Top of Information shown
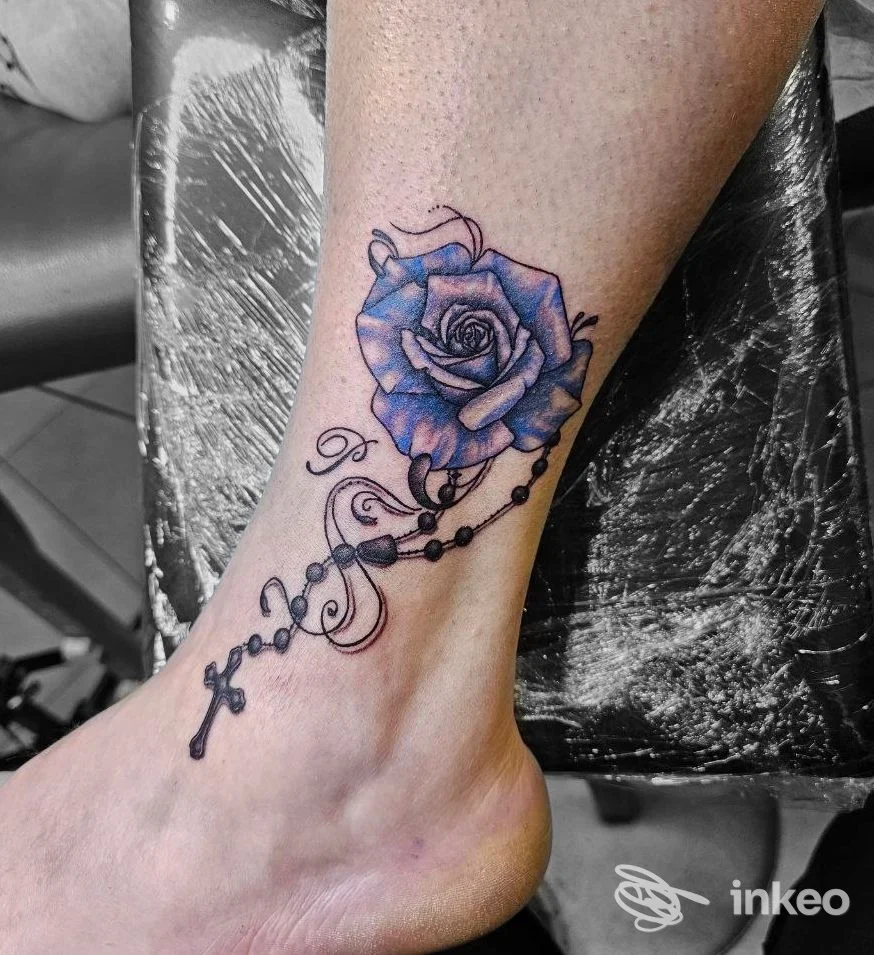 Tatuaggio a caviglia con una rosa blu e un rosario; Dark Romantics Tattoo, Lucca.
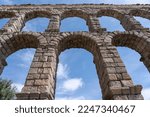 Close Up view of the Segovia Aquaduct with a view of the blue skies through the arches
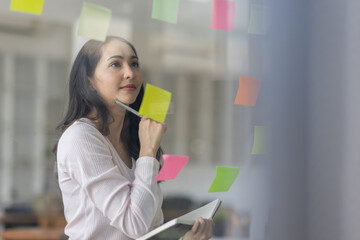 Business female employee with many conflicting priorities arranging sticky notes commenting and...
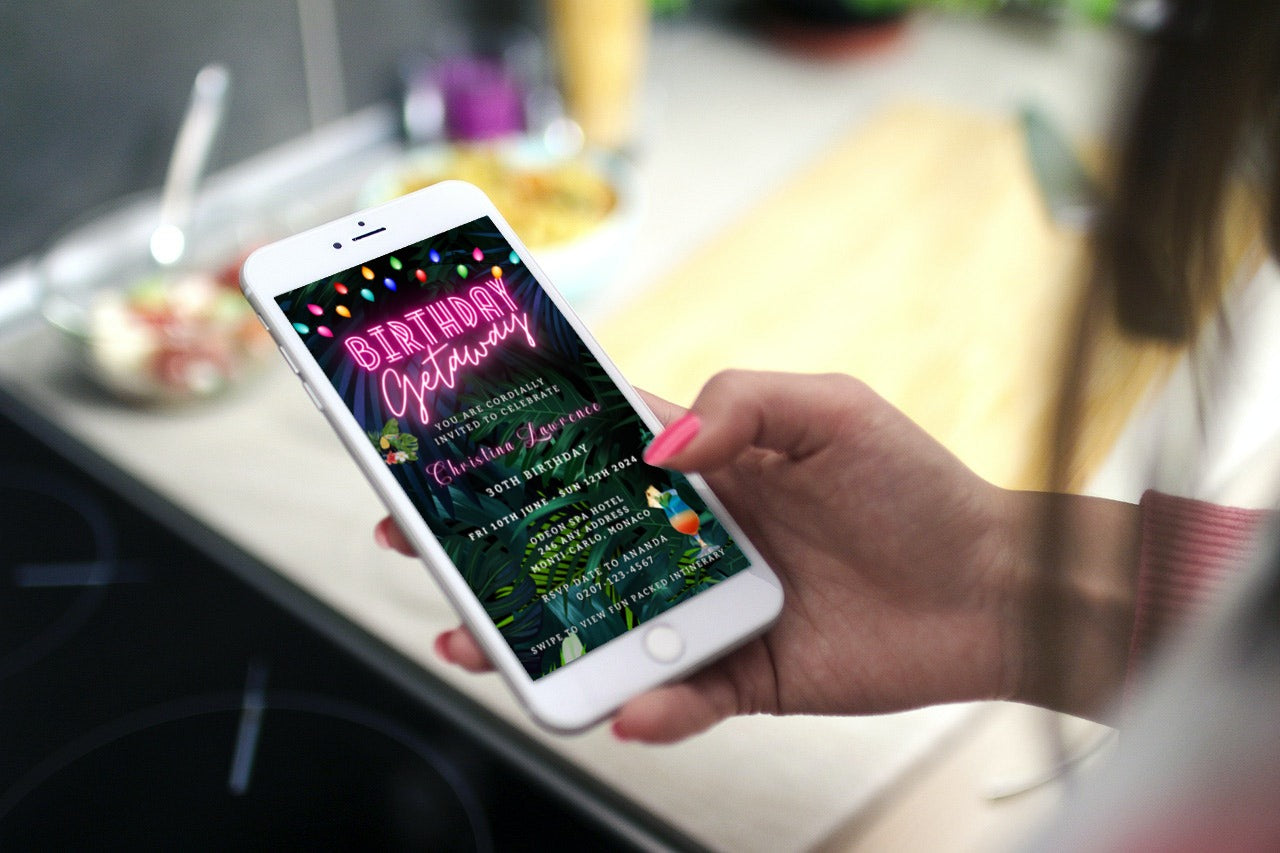 Hand holding a phone displaying a customizable Tropical Destination Neon Pink | Birthday Getaway Evite for smartphones.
Bottom of Information shown
Pick up at the line containing "Business female employee" and copy each line exactly until the data ends, including that last line; copy no pictures.

 Business female employee with many conflicting priorities arranging sticky notes commenting and...
 Hand holding a phone displaying a customizable Tropical Destination Neon Pink | Birthday Getaway Evite for smartphones.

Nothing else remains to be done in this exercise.